Wenn ich an Fantasy denke, fällt mir sofort mein Leseabenteuer mit Bastian Balthasar Bux ein. Im Antiquariat von Karl Konrad Koreander findet er ein Buch, dessen Einband aus kupferfarbener Seide, illustriert mit einer hellen und einer dunklen Schlange, ihn magisch anzieht. Er nimmt es mit und „Die unendliche Geschichte“ beginnt. „Phantásien in Not“ ist die Überschrift des ersten Kapitels, das mit dem fein gestalteten Buchstaben A beginnt. So begleite ich Bastian beim Lesen auf dem Dachboden und bei seiner Reise ins Fantasyland, in dem er allmählich selbst zum Protagonisten wird.
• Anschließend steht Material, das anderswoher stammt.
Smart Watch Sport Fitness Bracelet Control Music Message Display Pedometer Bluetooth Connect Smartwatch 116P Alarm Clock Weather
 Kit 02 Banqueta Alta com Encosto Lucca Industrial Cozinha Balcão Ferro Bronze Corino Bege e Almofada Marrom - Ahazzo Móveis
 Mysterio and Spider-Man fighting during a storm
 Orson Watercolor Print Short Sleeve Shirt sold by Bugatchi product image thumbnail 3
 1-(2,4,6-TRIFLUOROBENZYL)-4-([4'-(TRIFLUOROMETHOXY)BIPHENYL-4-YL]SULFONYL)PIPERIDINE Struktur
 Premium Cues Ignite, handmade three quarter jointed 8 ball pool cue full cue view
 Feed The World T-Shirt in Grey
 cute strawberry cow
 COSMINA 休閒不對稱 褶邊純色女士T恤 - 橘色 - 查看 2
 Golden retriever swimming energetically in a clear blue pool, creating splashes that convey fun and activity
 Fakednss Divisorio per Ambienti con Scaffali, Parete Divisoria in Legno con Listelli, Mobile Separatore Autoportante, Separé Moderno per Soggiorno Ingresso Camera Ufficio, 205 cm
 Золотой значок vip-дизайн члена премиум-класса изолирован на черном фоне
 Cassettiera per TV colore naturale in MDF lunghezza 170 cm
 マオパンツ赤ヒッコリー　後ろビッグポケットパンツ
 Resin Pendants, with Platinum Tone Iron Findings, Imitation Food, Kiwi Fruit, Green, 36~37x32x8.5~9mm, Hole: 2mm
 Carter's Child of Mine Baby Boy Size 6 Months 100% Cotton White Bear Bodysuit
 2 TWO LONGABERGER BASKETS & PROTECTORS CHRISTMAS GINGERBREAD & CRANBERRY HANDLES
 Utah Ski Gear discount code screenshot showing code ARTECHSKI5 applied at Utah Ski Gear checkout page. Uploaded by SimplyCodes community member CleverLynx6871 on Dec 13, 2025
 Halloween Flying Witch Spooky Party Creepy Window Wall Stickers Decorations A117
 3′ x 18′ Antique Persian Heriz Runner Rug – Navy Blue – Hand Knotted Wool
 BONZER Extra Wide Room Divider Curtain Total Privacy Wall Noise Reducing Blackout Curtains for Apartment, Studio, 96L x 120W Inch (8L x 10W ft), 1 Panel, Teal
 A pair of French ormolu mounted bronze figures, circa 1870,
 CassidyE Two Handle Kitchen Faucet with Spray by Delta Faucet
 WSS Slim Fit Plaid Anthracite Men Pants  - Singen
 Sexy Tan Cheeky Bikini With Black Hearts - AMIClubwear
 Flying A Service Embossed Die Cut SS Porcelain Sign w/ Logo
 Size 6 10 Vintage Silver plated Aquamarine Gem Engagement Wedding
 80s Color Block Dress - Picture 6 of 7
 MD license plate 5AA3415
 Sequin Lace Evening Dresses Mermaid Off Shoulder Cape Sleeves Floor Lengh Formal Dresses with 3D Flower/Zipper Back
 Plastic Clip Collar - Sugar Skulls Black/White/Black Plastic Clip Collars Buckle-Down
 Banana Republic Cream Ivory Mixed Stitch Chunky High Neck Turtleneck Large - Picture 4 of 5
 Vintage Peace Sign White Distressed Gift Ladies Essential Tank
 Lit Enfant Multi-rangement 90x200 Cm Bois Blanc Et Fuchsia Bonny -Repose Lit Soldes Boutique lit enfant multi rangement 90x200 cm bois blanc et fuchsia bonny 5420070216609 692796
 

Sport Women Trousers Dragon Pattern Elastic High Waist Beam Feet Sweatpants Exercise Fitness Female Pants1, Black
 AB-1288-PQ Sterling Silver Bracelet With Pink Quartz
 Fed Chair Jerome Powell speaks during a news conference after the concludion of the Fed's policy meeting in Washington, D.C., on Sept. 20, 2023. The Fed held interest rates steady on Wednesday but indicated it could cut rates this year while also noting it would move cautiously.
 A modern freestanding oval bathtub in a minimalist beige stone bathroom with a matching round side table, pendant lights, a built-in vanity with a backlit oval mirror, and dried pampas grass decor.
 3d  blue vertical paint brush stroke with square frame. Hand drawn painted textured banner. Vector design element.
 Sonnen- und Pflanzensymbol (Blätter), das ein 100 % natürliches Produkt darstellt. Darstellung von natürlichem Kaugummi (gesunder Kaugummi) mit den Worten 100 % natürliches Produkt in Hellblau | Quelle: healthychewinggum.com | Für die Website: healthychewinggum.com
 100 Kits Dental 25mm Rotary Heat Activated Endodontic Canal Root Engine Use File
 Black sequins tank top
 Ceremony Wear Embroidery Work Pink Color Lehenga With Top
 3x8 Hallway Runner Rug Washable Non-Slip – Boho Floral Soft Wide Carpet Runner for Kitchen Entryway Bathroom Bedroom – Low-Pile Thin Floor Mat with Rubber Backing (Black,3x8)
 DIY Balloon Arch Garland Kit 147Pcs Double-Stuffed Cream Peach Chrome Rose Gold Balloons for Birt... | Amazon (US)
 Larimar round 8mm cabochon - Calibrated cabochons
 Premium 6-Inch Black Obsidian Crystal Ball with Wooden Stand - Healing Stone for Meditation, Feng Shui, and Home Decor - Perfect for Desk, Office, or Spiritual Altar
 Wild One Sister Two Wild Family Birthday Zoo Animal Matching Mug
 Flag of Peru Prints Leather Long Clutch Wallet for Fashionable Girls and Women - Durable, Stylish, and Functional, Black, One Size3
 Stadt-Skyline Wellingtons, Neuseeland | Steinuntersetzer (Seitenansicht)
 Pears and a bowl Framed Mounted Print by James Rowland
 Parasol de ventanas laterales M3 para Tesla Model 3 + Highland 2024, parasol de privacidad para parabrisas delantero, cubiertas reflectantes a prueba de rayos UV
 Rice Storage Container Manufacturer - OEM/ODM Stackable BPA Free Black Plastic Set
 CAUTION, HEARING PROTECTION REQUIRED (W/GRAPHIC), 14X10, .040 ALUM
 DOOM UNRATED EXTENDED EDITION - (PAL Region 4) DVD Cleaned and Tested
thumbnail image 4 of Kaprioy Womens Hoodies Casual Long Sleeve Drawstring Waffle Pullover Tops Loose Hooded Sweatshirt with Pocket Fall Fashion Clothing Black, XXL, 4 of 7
Im Jahre 1979 erschien das Buch im Verlag Thienemann. Inzwischen wurde es in viele Sprachen übersetzt. Zum 40. Geburtstag gibt es eine Neuauflage mit überarbeitetem Cover. Das Elektrobuch hab ich mir nun gegönnt, um mich jetzt auch digital in Bastis faszinierendes Abenteuer zu begeben und mich zu fragen: Wie kommt er nun aus Phantásien in die reale Welt zurück? Gerne immer wieder von Kapitel A bis Z. Danke, Michael Ende.